The state of Louisiana launches an investigation
The Louisiana Attorney General has reportedly launched an investigation into state officials accused of using government resources to mine Bitcoin.
A group of former staffers is rumored to have used state-owned computer equipment for mining cryptocurrencies.
The state’s AG, Jeff Landry, has yet to comment on the allegations publically, according to the Tribune News Service.
Sources told the publication that the matter caught the attention of the Louisiana Bureau of Investigation.
The LBI started investigating after being made aware of “hardware that they believed could have been used in the so-called mining of bitcoin.”
One source reportedly told the news outlet the issue had raised security concerns, saying:
“We were worried that the (computer) systems may have been compromised.”
Some of the employees have allegedly denied their involvement, but their names were not published, however.
Bitcoin mining is an energy-intensive process through which mints new coins.
If the Louisiana state investigation is confirmed, it would be the latest in a long line of crypto-mining cases to emerge in recent years.
Several instances have arisen where public-office resources are used to mine cryptocurrencies.

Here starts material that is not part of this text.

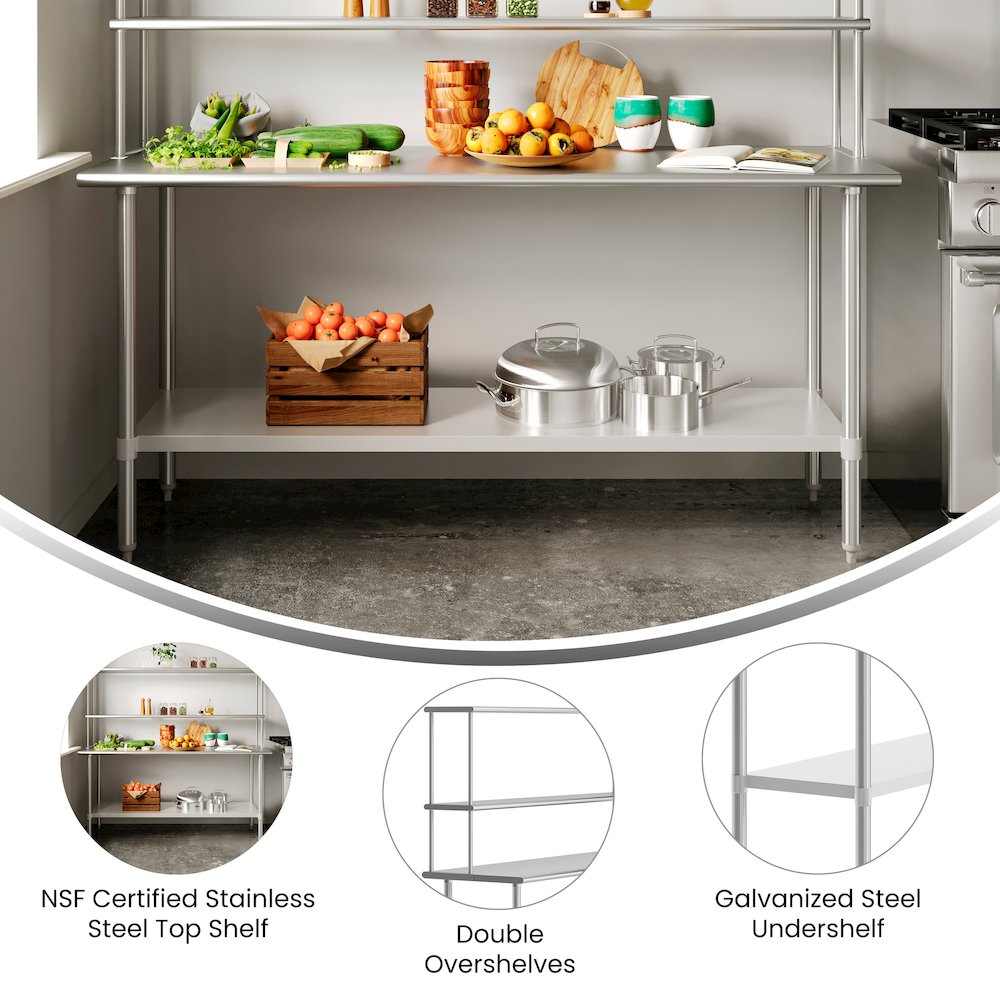 24x72 Portable Prep, Work Table with Top Shelf, Double Overshelves, Undershelf. Picture 2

The Federal Reserve’s Office of the Inspector General fined a former staffer $5,000 in January 2017.
Nicholas Berthiaume, who previously worked as a communications analyst for the board, was fired after he was caught mining bitcoins using a server owned by the U.S. central bank between 2012 and 2014.
Court documents revealed that Berthiaume, who was indicted in October, had used a Federal server for over two years, from March 2012 to June 2014, to mine Bitcoin.
Later in the same year, an employee at New York’s Department of Education was sanctioned for mining bitcoins on their work computer between March and April 2014.
Vladimir Ilyayev admitted to installing mining software that ran at night, while he monitored its progress from his home.